The brothers married sisters, Hazel and Hilda, with a third sister, Nellie, hired to do the cooking for the crew. The crew generally consisted of 6-8 men. A threshing crew component consisted of a large steam engine that powered a threshing machine that separated straw and chaff from the seeds of the crop, such as wheat or oats.
Horse drawn bundle wagons brought shocked, bundled grain to the threshing machine and grain wagons pulled by horses hauled the grain away to the place the landowner wanted the grain stored or sold. A cook car for meal preparations and a bunkhouse, all on wheels, completed the threshing crew.
Times were not always abundant in the ’20s and ’30s so Nellie would sometimes make a tomato soup for the crew using just ketchup and water. Nellie also was known to make tent sandwiches by cutting the sandwich bread diagonally and setting the four slices on their crust thereby resembling little tents on the plate.
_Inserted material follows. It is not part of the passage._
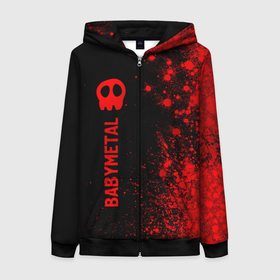 Женская толстовка 3D на молнии с принтом Babymetal   red gradient по вертикали в городе Новоалтайск, 100% полиэстер | длина до линии бедра, манжеты и пояс оформлены мягкой тканевой резинкой, двухслойный капюшон со шнурком для регулировки, спереди молния, по бокам два кармана |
Sometime in the 1950s, with combines becoming more available, the Milkey Threshing Crew ceased hiring out for threshing of crops. The cook car was parked on Mike Sr.’s land and in 1961 Harold and Marilyn Sauer, of Lansford, bought that land from Mike.
The cook car was moved to Mike Milkey Sr.’s son Jimmy Milkey’s place. Nellie, who never married, would spend a number of summers living out of the cook car, now having been converted into living quarters. The cook car sat by a machine shed hooked up to electricity for a refrigerator and lights.
In 1969, Richard Walker, a Milkey son-in-law, became the caretaker of the former cook car. The roof was redone and the cook car became more of a playhouse for his daughter, Wendy, and son, Rod. There was a time when the cook car was used also for hosting informal parties, where couples were invited to spend an evening socializing with their favorite desserts brought as part of the activities.
The Ward County Historical Society thanks Rod Walker for donating this cook car to Pioneer Village Museum. It is nestled among our other buildings and displays various artifacts for you to enjoy and possibly reminisce about the bygone era of threshing.